WORK TASK
Below is a listing to copy exactly; no image goes into the copy.
══ EXERCISE DATA ══
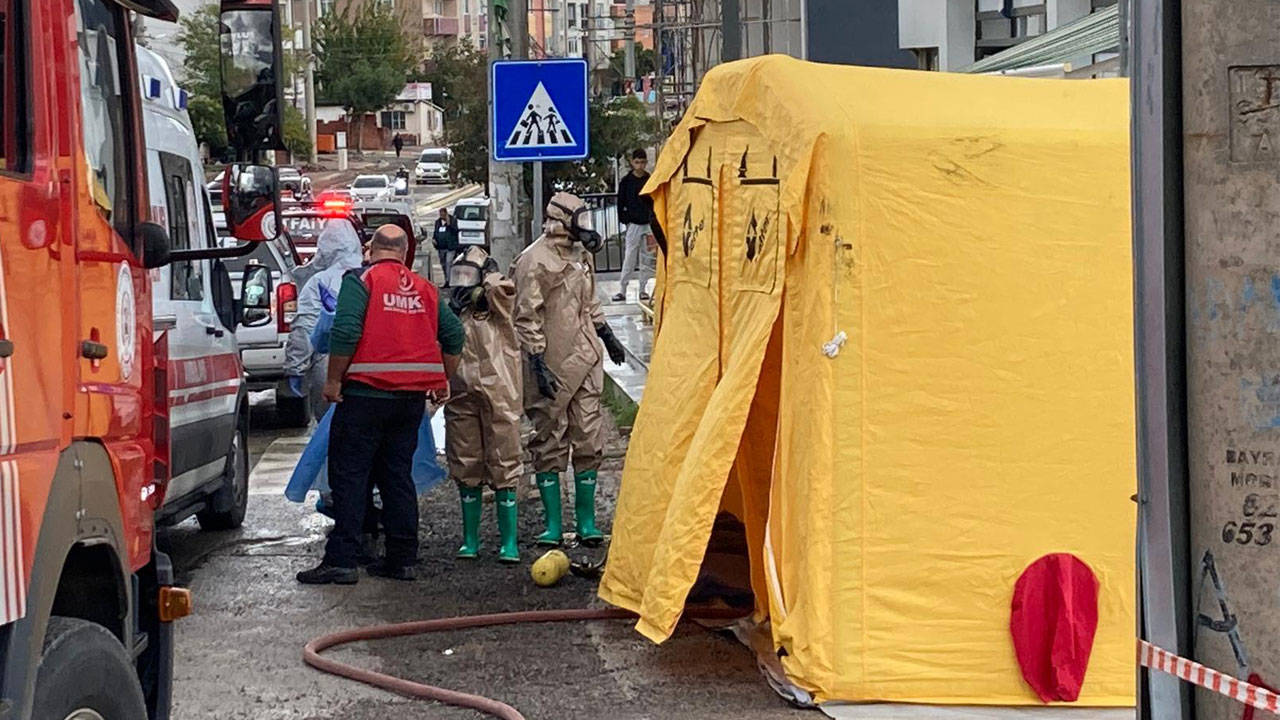 Kocaeli'de kargo paketinde kimyasal madde sızıntısı: 14 kişi hastaneye kaldırıldı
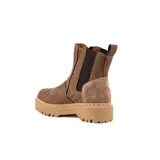 Bota corta de cuero color marrón con diseño artesanal, presenta paneles laterales elásticos, cierre lateral metálico y detalles bordados en la puntera. Cuenta con una suela track de goma en tono beige.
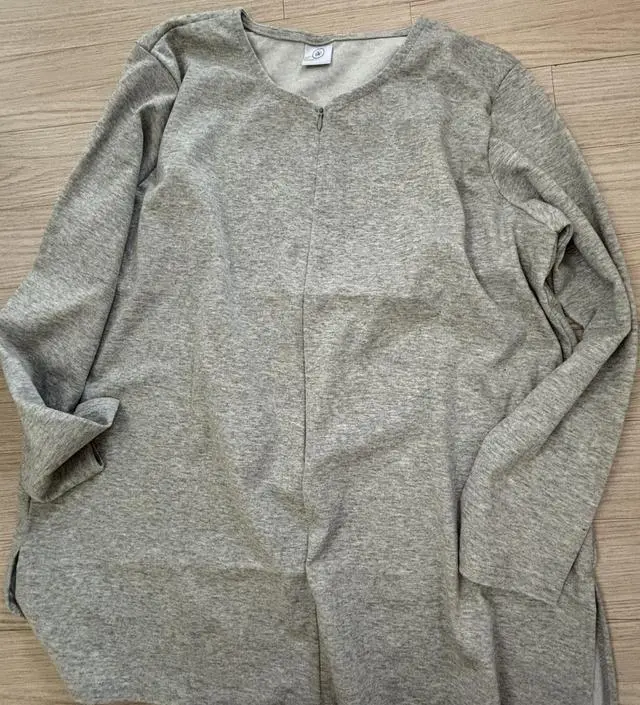 지퍼라서 넘 편하고 외츨할때도 좋아요 건조기 돌려도 변형 없구요 다른 색상도 살거에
═══
RESULT OF THE EXERCISE
 Kocaeli'de kargo paketinde kimyasal madde sızıntısı: 14 kişi hastaneye kaldırıldı
 Bota corta de cuero color marrón con diseño artesanal, presenta paneles laterales elásticos, cierre lateral metálico y detalles bordados en la puntera. Cuenta con una suela track de goma en tono beige.
 지퍼라서 넘 편하고 외츨할때도 좋아요 건조기 돌려도 변형 없구요 다른 색상도 살거에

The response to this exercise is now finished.